All the talk about the exciting design opportunities afforded by LEDs is often hampered by two words: thermal management. While incandescent lamps can exhaust heat through radiation, says Michael Gershowitz, Bridgelux’s director of technical marketing, LEDs produce little infrared heat. As a result, they must be cooled through conduction, or risk, diminished performance in luminance, lifespan, and color stability.

But time and market demand have a way of advancing technology to the point where thermal management may soon be just an afterthought rather than an obstacle in luminaire design. With each generation of LEDs, efficacy continues to rise exponentially; LEDs today are more than 50 percent efficient—that is, they convert more energy into light than they do into heat. Most original equipment manufacturers (OEMs) have moved away from simply retrofitting conventional fixtures in order for them to use LEDs, and instead are creating luminaires tailored and optimized for LED output. And LEDs can now “withstand higher temperatures longer without depreciating light and lumens,” says Mark Hand, Acuity Brands Lighting’s director of indoor new product development and technology.
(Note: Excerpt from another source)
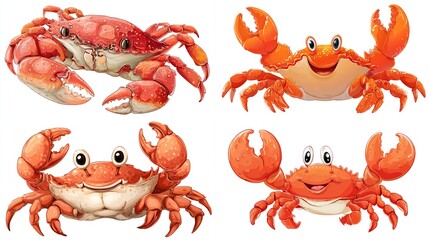 Four cartoon crabs, two realistic and two stylized,  displayed against a white background;  varying in expressions and poses
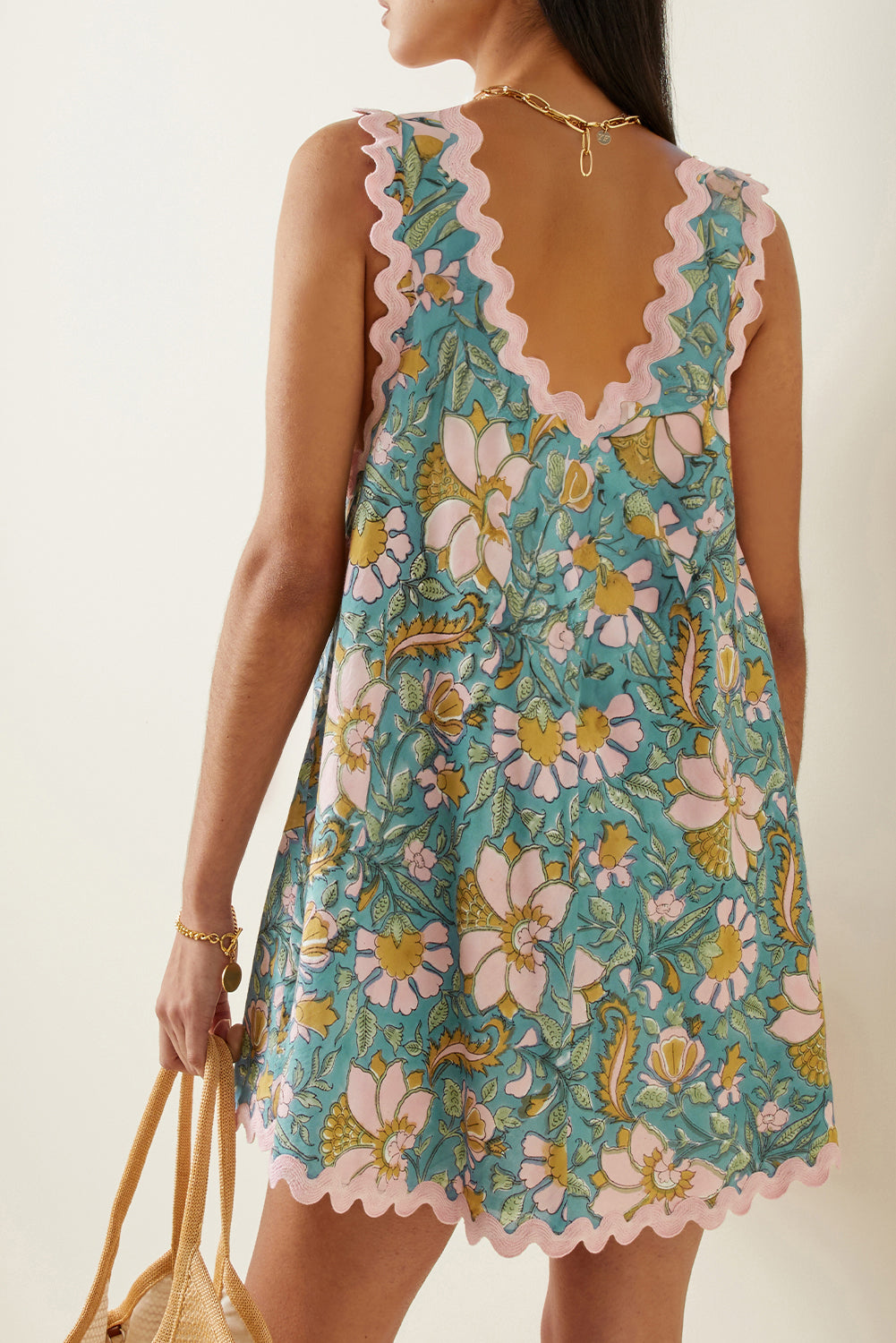 Sky Blue Floral Shift Mini Tank Dress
Improvements to LED technology and fixture design aren’t the only things that manufacturers can boast about. Thermal management strategies have been improving and expanding as well. Though passive and active cooling are still the primary options, other innovative technologies are entering the game.

Passive is Aggressive
More than 90 percent of LED fixtures employ passive cooling. With this strategy, heat is conducted away from the LED assembly by direct physical contact with a heat sink, a material with high thermal conductivity. Aluminum—often extruded or cast in a circular shape with fins—is the standard material used for a heat sink because of its light weight, cost effectiveness, and ease of manufacture, says Christopher Reed, Xicato’s strategic partners manager. For now, manufacturers prefer passive heat sinks for their reliability. “At day one, their performance is going to be very similar, if not the same, as 50,000 hours later or 20 years later,” Reed says.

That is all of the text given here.